Ogni anno il presepe ci invita a fermarci. A chinare lo sguardo su una mangiatoia povera, essenziale, fragile.
Ma se quel bambinello/a non fosse solo memoria di un evento lontano? Se fosse invece una parte viva di noi, la nostra parte bambina dimenticata, messa a tacere, lasciata al margine della nostra storia personale?

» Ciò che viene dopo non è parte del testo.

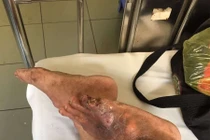 Bệnh gút cẩn thận hạt tophi lở loét gây tàn phế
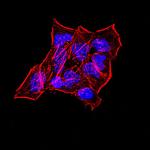 Synapsin 1 Antibody in Immunocytochemistry (ICC/IF)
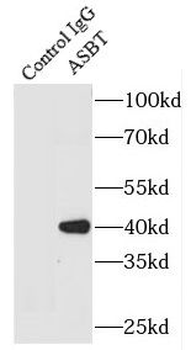 SLC10A2 Rabbit Polyclonal Antibody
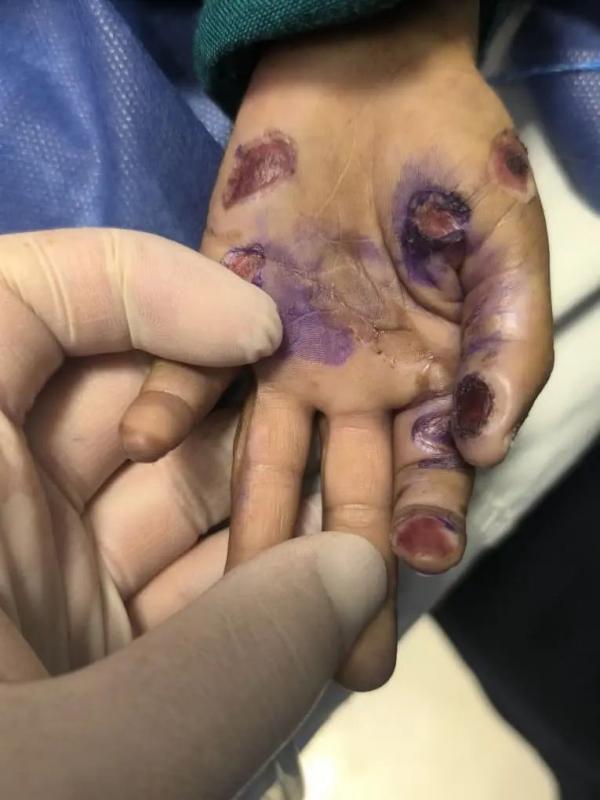 کودک آزاری کودک آزاری,کودکآزاری منجر به فوت در هرمزگان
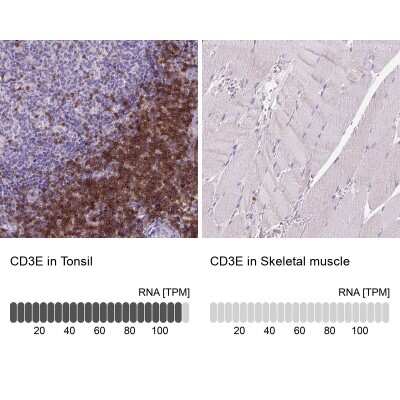 Immunohistochemistry-Paraffin: CD3 epsilon Antibody (CL1466) [NBP2-34483]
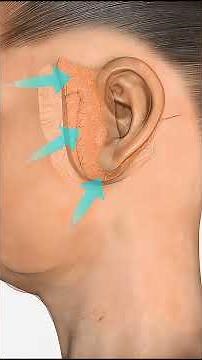 Facelift Surgery Procedure (3D Animation) #facelift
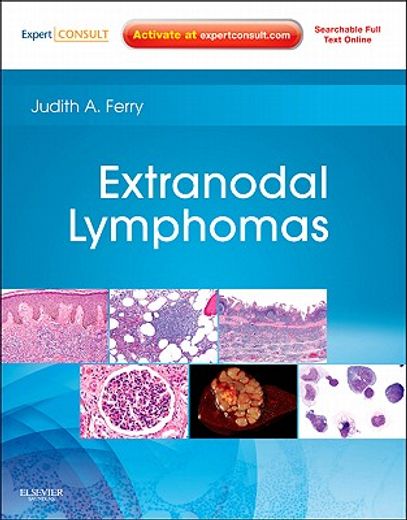 Extranodal Lymphomas: Expert Consult - Online and Print (en Inglés)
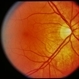 Optic Nerve Meningioma Optic Nerve Meningioma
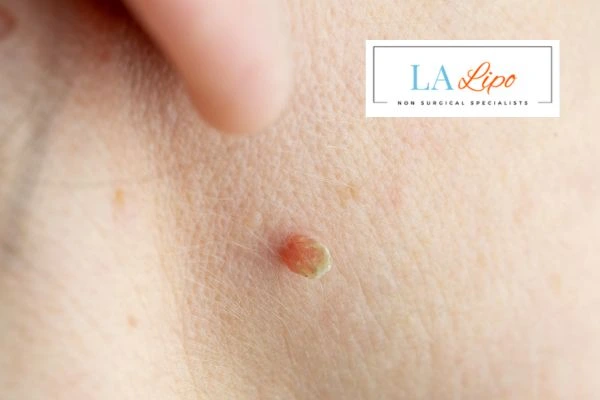 Book skin tag removal Northwood Hills today speak to our team now!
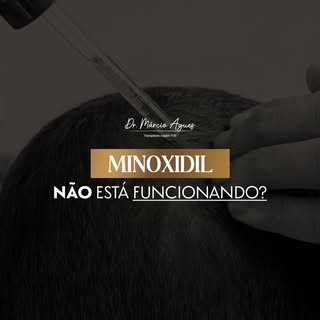 O Minoxidil não está funcionando para você? Preciso te contar algo.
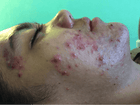 Cystic Acne Advice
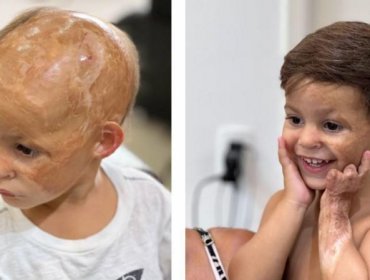 La inspiradora historia del peluquero brasileño que les devuelve la autoestima a los niños que perdieron el pelo en accidentes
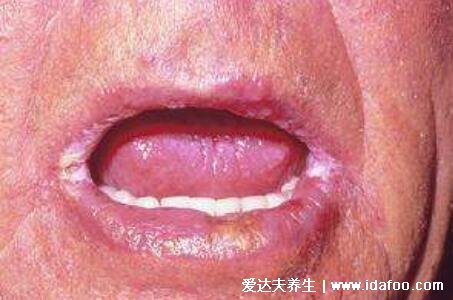 初期口角炎图片及症状，嘴角起疱会糜烂结痂(3种类型附医治法)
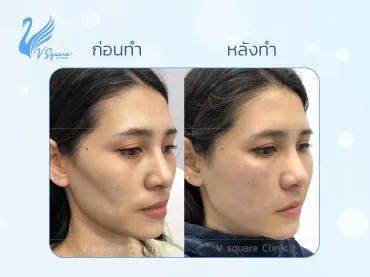 ฉีดฟิลเลอร์แก้มตอบ
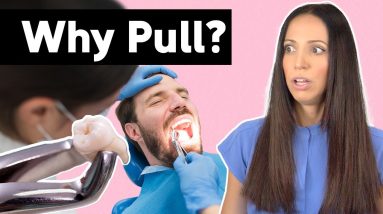 Why Do We Even Pull Teeth? (Tooth Extractions Explained)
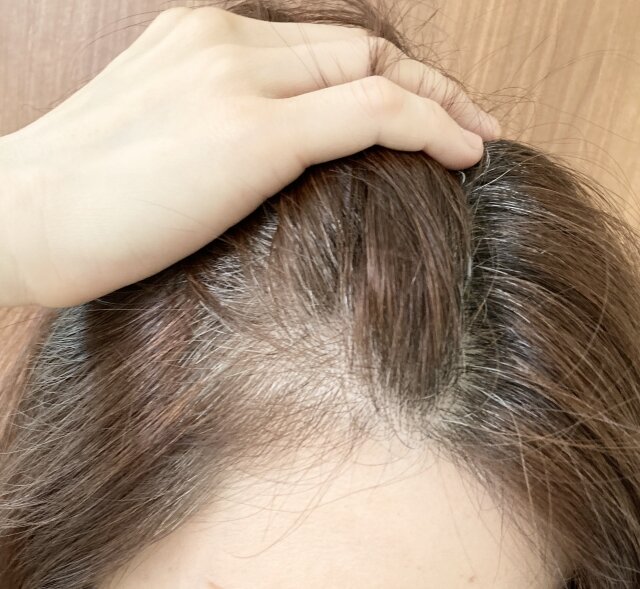 白髪を見つけたら切ったほうがいい！頭皮を傷つけずに、気になる白髪を処理する方法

Quel bambino/a forse è rimasto al FREDDO, in una stalla interiore poco visitata, mentre la vita adulta procedeva chiedendoci forza, efficienza, controllo.
Possiamo oggi fermarci, riconoscere e ACCOGLIERE questo bambino/a?
Possiamo diventare noi stessi la Madonna e San Giuseppe della nostra storia?
Genitori interiori capaci di cura, di protezione, di presenza. Genitori disposti a restare accanto anche quando fa freddo. Quel freddo emotivo che per anni ha circondato la nostra parte più vulnerabile, lasciandola sola.
Accogliere il bambinello interiore, allora, significa INTEGRARE, dare spazio a ciò che è stato escluso. Riconoscere che quella fragilità custodisce una verità profonda su di noi, una sorgente di autenticità, di sensibilità e desiderio di vita.
Possiamo accendere per lui/lei una STELLA?
Un segno discreto di orientamento, qualcosa che permetta a quel bambino/a di uscire dal buio e di essere finalmente visto/a da noi stessi.
Una stella fatta di ascolto, di gentilezza, di tempo dedicato. Una stella che dica: ORA TI VEDO, ORA PUOI RESTARE.
Forse il Natale, prima ancora che una festa da celebrare, è un invito intimo e radicale: tornare alla mangiatoia del nostro cuore, riconoscere ciò che abbiamo dimenticato e scegliere, oggi, di prendercene cura.
Perché finché quel bambino resta al freddo, anche noi restiamo incompleti.
E quando lo accogliamo, qualcosa in noi ricomincia a NASCERE.